Fig 1.
Base network characterization.
(A) Network diagram of our base social media network. Node size is proportional to community population number, and edge thickness is proportional to the number of user edges between two community nodes. The labels are extracted by applying topic modeling to recorded tweet history within each community. (B) A directed network diagram for a sample of users within the ‘Assange’ community where each node represents a user within the community, node size is proportional to follower count, and edge transparency is proportional to node out-degree (C) The in-degree and out-degree distribution of our base network.
Fig 2.
Diagram displaying how historical social media data from users in our base network is distributed amongst various stages of development stages for the ABM, infection model, and mutation model.
Fig 3.
Schematic diagram of the ABM logic.
Illustrative diagram conveying the operating principle behind the ABM. A source user is infected when they share a source post. Their followers are exposed to their infection, some of which will become infected themselves by resharing the source post. This process continues across infection layers, with a fraction mutating the infection as they transmit it by adding additional commentary to their reshare post.
Fig 4.
Schematic diagram of the infection model training process.
Diagram describing the training process for the infection model, which predicts whether User A will retweet User B’s post. The core model is a gradient boosted classifier with three sets of input features (i) transformer embeddings of User B’s post (i) transformer embeddings extracted from both historical tweets User B has authored and historical tweets User A has retweeted from others (iii) user metadata—such as number of followers, number of followees, etc.–from both User A and User B. Once the infection model is trained, it can be deployed to estimate the likelihood of infection spread.
Fig 5.
Infection model and ABM characterization.
(A) The AUC-ROC curves for the infection model across the training set and set of hold-out test sets from different time periods that occurred after all recorded training set events. Slight overfitting between the training and test sets is observed; however, performance across test sets appears roughly consistent, suggesting Period I and II user behavior encoded during the training process is indicative of forward-looking information sharing behavior for multiple months. (B) The number of infections across infection layers for a set of ABM trials for a sample source post. The grey lines represent traces obtained from each of the 1000 trials. The blue bands denote the 68% percentile bands across these trials, with the red dashed line representing the median number of infections at each infection layer across all trials.
Fig 6.
Comparison of infections in base and cloned networks.

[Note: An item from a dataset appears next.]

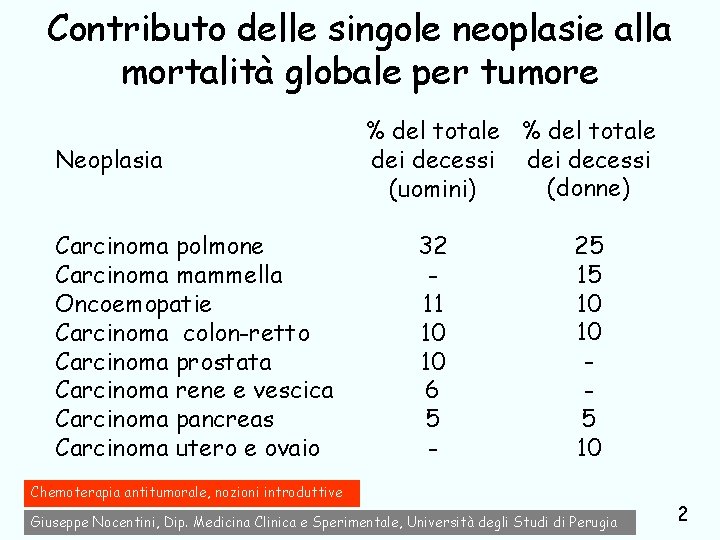 Contributo delle singole neoplasie alla mortalità globale per tumore Neoplasia Carcinoma polmone Carcinoma mammella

(A) For a set of source posts sampled across all users in our base network, we plot the infection rates extracted from simulating these events within our ABM versus the infection rate measured in the base network ABM (Pearson correlation in log-space equal to 0.81, p < 0.01). Infection rate, which is calculated as number of infections divided by the number of source author followers, is presented to provide a consistent scale across the observations. (B) A similar plot to (A), except all events are sampled from uS (Pearson correlation in log-space equal to 0.08, p = .075). Since all author-level features are fixed for these events, the visualization conveys the extent to which the ABM can anticipate variations in virality arising solely from post text. In both plots, the blue solid line represents a linear fit to the data, with the bands denoting the 95% confidence intervals of the fit.
Fig 7.
ABM infections across communities.
(A) A comparison of the distribution of infections rates across communities for TS between our base network and a simulation of the event with our ABM. (B) A heatmap presenting the community-to-community infection rates recorded when simulating TS through our ABM, with each grid block representing the fraction of total infections originating from the associated infection pathway.
Fig 8.
Countermeasure evaluation and ABM topical sensitivity.

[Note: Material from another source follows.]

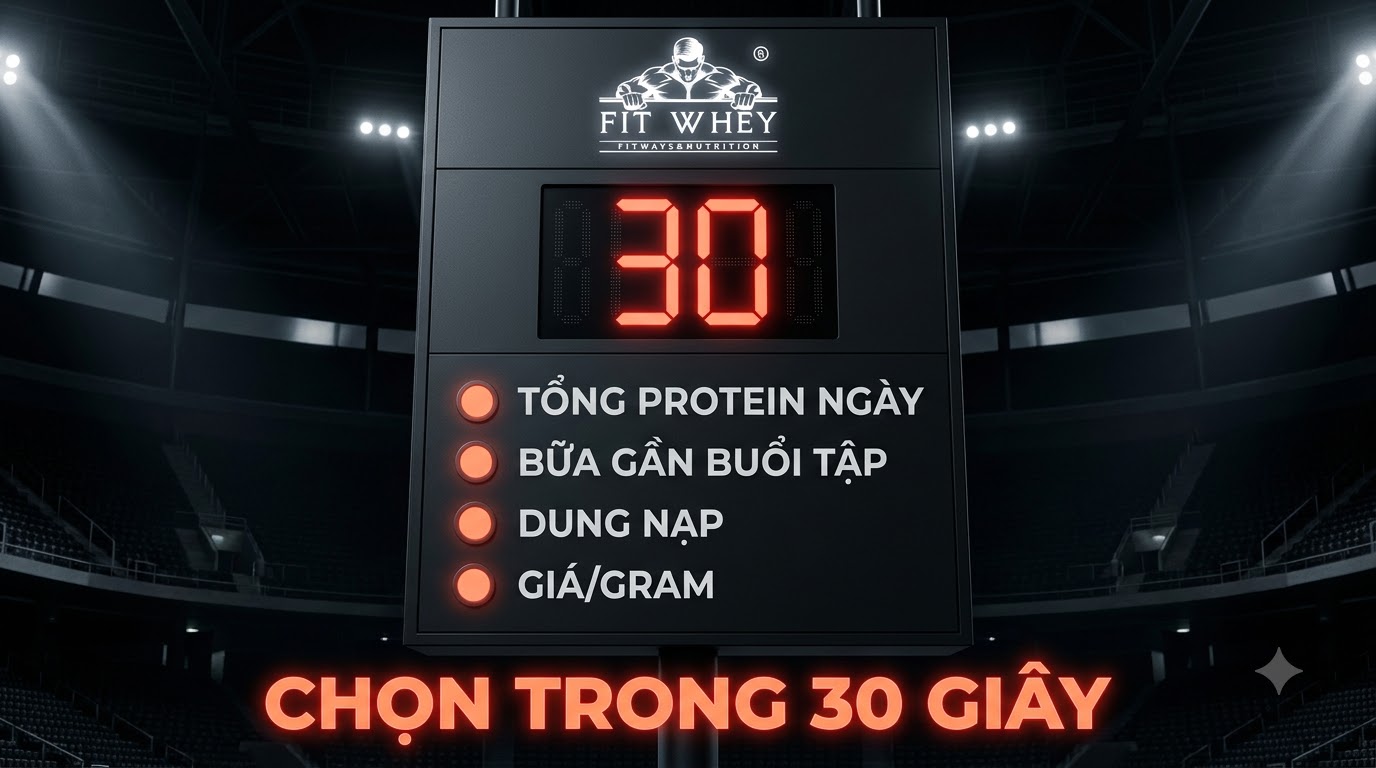 Bảng đồng hồ 30 giây trong nhà thi đấu liệt kê bốn mục tổng protein ngày, bữa gần buổi tập, dung nạp và giá trên gram, dưới dòng “Chọn trong 30 giây”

(A) Results for a set of simulations of TS where we block variable amounts of influential users (x-axis) and measure the corresponding effect on total number of infections within the cloned network (y-axis). We run a base simulation of TS to identify users that generated the most infections. We then run additional simulations while blocking the top X most influential accounts, where X varies over a range of 0–1000. When a user is blocked in the ABM, they cannot infect other users. (B) We simulate an inoculation campaign within our ABM by running a set of simulations where a variable fraction of users within a community (x-axis) has their output infection probabilities decreased by ~20%. These simulations mimic the effect of inoculation campaigns that reduce the likelihood users will pass on misinformation. As can be seen in the plot, as inoculation fraction decreases, so does the total number of infections recorded within the cloned network (y-axis). The community chosen for inoculation here is the COVID-Vaccines community that generated the most infections within base simulations of TS (C) We seed our ABM with a set of posts on different common misinformation topics, as well as a baseline post on cooking. We notice large variations in the output infection numbers, indicating information spread within our cloned network is sensitive to topic of discussion. In all three plots, infection numbers are presented on a normalized [0,1] scale.